Govind Bell Acharya <ga47@cornell.edu>: I assume you saw the response from Nick Cox. Assuming you want variables named a-f as below,, and you've got an interviewer id/name variable a on some data with a variable q which is the reponse to an item, where missing is appropriately coded (. or .a through .z), and surveyid indexing each survey, you can bys a surveyid: gen fq=_n==1 g miss=mi(q) bys a: g d=_N collapse (sum) b=fq (sum) c=miss d, by(a) gen e=c/d You can get the mean over some group of interviewers with egen mpcmi=mean(e), by(groupvar) though if you want the mean over everyone, so that f is the same for everyone, you should just su e, meanonly gen f=e-r(mean) See also -help collapse- and http://www.stata.com/support/faqs/data/weighted.html among other resources.
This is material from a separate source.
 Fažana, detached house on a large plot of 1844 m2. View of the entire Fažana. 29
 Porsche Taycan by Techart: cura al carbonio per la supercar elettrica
On 7/21/07, Govind Bell Acharya <ga47@cornell.edu> wrote:

For our research, we use telephone interviewers to conduct a number of surveys. At the moment, it is a challenge to detect whether the number of items where the interviewer coded the missing data (don't know or refused options) is above or below the overall mean of missing values. I did something like that using the proc sql command in SAS, but it is (as SAS is in general), extremely unwieldy and creates major issues such as (f) below. In any case, here is what I have in mind (a)Name (b)# surveys complete (c)# missing (d)# questions asked (e) (c)/(d) (f) [sum of (c)]/[sum of (d)] (g) [(e)-(f)]